I checked my phone again. Three minutes to five.
I took a deep breath, walked up the path and stepped up onto the bandstand.
He wasn’t here.
I sat, my leg jiggling beneath me. I hated waiting, and it was even worse that I had no way of checking to see if he was on his way. My leg continued to bounce and I hung my head between my knees.
That’s how I was sitting when Nick arrived. ‘I’m sorry I’m late,’ he said, bursting onto the bandstand full of nervous energy. He was soaked through, his hair plastered to his head, his shirt sticking to his body. ‘It started pissing it down just as I left work but I didn’t have time to go home and change.’ When he finally looked at me, he frowned. ‘Is everything okay? I really am sorry for being late.’
‘I’m fine,’ I said, forcing a smile. ‘I just didn’t sleep very well last night.’
‘Oh no.’ He sat down beside me, water dripping from his hair into his eyes. He looked so handsome I wanted to lean over and kiss him, but held myself back. ‘Do you want to go home and get some sleep? We could do this tomorrow instead?’
I shook my head. ‘No, I’ll be okay. I’ve been looking forward to seeing you after…’ I trailed off shyly.

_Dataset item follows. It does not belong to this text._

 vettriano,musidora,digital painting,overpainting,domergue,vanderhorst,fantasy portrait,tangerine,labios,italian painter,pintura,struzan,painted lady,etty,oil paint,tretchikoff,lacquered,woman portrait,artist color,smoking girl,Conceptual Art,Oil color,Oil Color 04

A flush crept up Nick’s face too. ‘Yeah, me too. It was pretty… spectacular, wasn’t it?’
I nodded, all the words I was trying not to say to him stuck in my throat. I looked down at the floor because looking at him just reminded me of the image of his happy face peering out from the newspaper article, blissfully unaware of his fate.

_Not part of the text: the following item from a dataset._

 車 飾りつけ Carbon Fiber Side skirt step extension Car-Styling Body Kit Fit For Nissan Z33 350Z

Nick Flynn died at the scene.
The words kept ticker-taping through my mind, and I shook them away, trying to dislodge them. I had to try and forget what I’d read.

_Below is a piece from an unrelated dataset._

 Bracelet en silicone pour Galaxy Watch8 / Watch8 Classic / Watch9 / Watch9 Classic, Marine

It wasn’t going to be easy.
‘It was amazing,’ I said.
‘I wish we could go somewhere else to be together.’
Oh, how I wished the same. Not being able to meet Nick wherever and whenever I wanted; to enjoy days out together, snuggle up together, to be normal – it was hell. I wished with all my heart that we’d met under any other circumstances.
And yet, if things had been different between us, we would probably never have met at all.
I turned to look at him and noticed he was studying me closely.
‘What?’ I said.
‘You seem… different,’ he said. He was still staring at me and I turned away, afraid my face might give me away.
‘It’s just tiredness. Honestly.’
‘Are you sure? You seem very down. You haven’t… I don’t know. Met someone else, have you?’
‘Since two days ago?’ I gave a sad smile. ‘No, I haven’t met anyone else. I haven’t exactly been looking.’
‘Right.’ He looked down at his trousers and plucked at an imaginary thread. My stomach squeezed with anxiety. I needed to pull myself together. Perhaps I should ask him what he’d been up to. Yes, that would be a normal conversation opener. I opened my mouth to speak but before I could say a word, he spoke again.
‘Something has happened, hasn’t it?’
I don’t know what my face did, but it clearly wasn’t good, because he took a sharp intake of breath and moved away from me so the gap between us widened. ‘You’ve tried to find me, haven’t you?’
‘No, I wouldn’t?—’
‘And it’s bad news, isn’t it?’
‘No!’ I said, too quickly. But the look on his face told me he didn’t believe me. I wanted to rewind time, to go back to five minutes ago when he first arrived and start all over again. I wanted to smile and be happy, not morose and untalkative. Of course he could tell there was something wrong, I had never been like this with him.
And of course there was only really one thing it could be, one thing that I couldn’t admit to.